How to add an extra model to a built-in Policy / Trainer?

How severe does this issue affect your experience of using Ray?

  • Medium: It contributes to significant difficulty to complete my task, but I can work around it.

Hi, I’m working with a multi-agent goal conditioned environment. I’m using independent PPO policies for each agent.

I want to add another model to each policy (just a linear model in torch), and call it at the start of each episode to select the goal of the agent based on the output of this model. I also need to implement a custom loss to update this new model, based on the episode reward.

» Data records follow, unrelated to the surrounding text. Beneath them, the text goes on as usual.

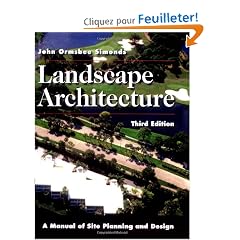Landscape Architecture: A Manual of Site Planning and Design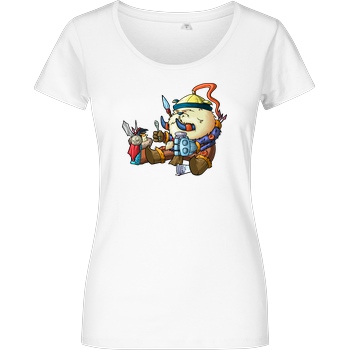 shokzTV - Tusk with penguin T-shirt multicolor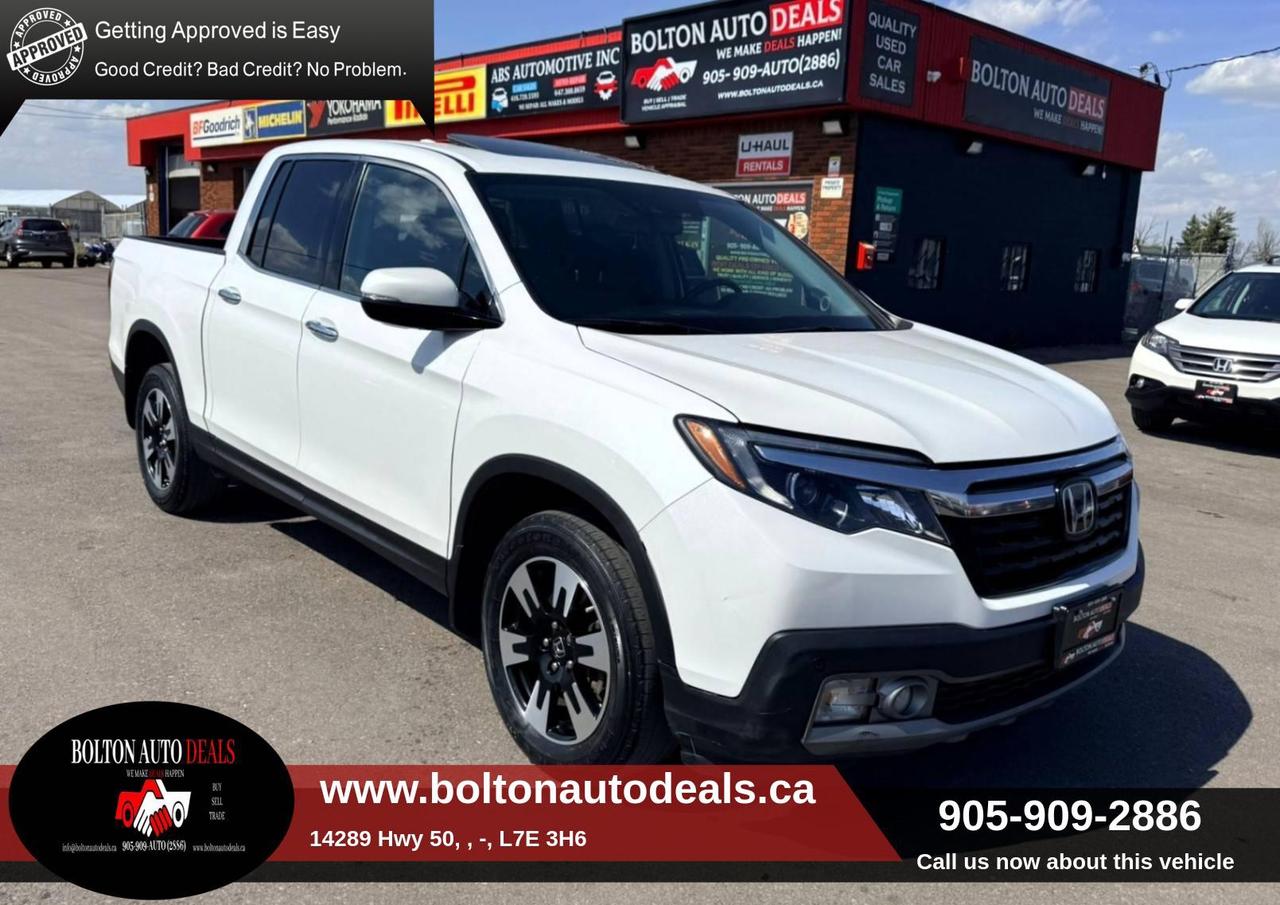 2020 Honda Ridgeline Touring Awd Photo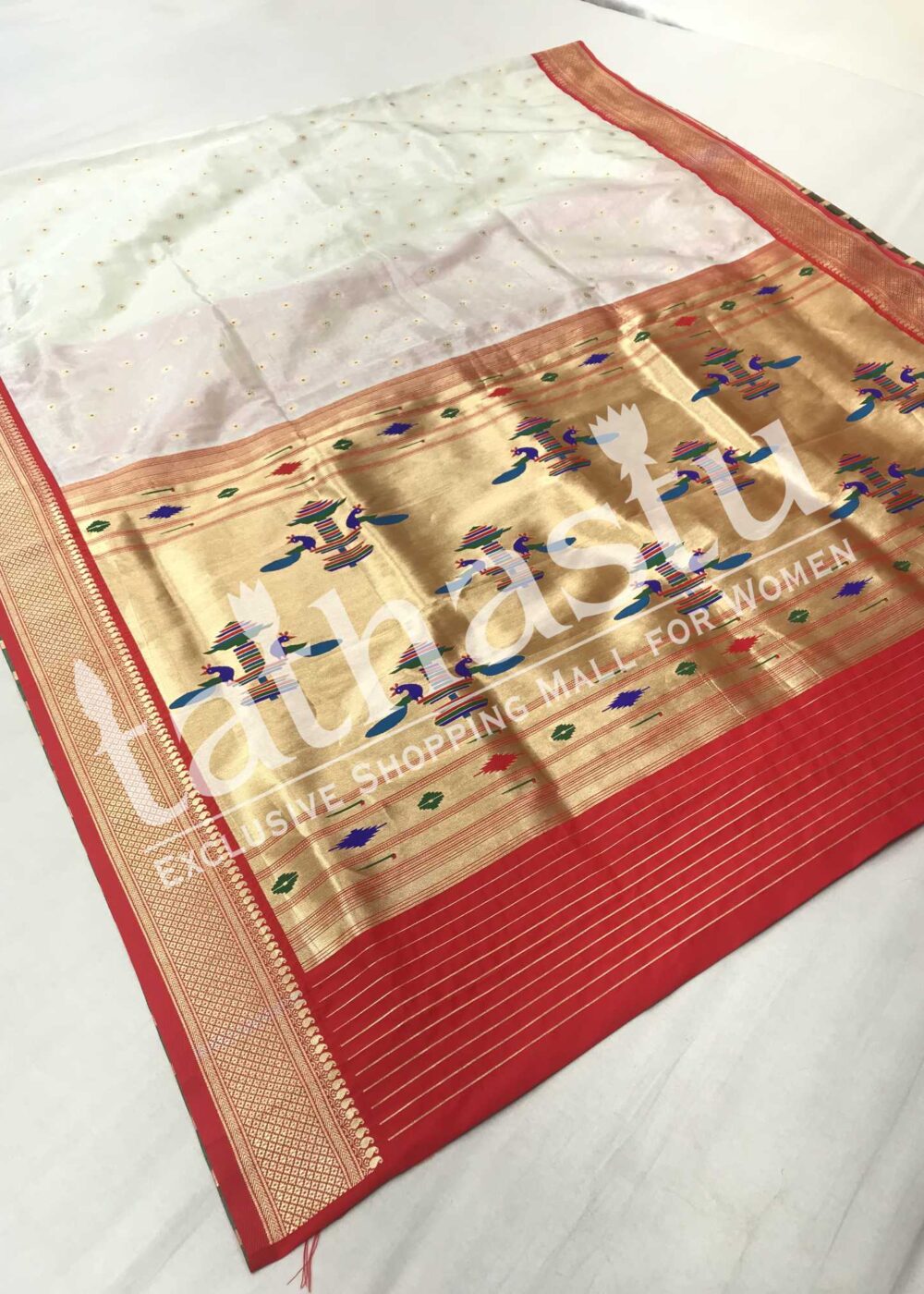 TATHASTU ART SILK PAITHANI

I’ve been reviewing the implementation of torch policies and PPO in torch, however, is not clear to me what changes should I do. For the forward pass (goal selection) I was thinking of calling the model in a custom callback in the on_episode_start method. I’d also add the output of the model to the info, so it’s available later for the backward pass. Does that makes sense?
I don’t have a clear idea on where to compute the loss and update the model.

Hi @emasquil ,

In order to keep track of all variables and “simply” conform with the optimization steps performed by RLlib, you should call the model in a on_episode_start(), which you can simply overwrite with your Policy if your are using RLlib’s new subclassing scheme (available on master. If you are using an older release, you will have to update the policy with it). Your policy can then save the model output and add your custom loss by overwriting the loss() method of your Policy.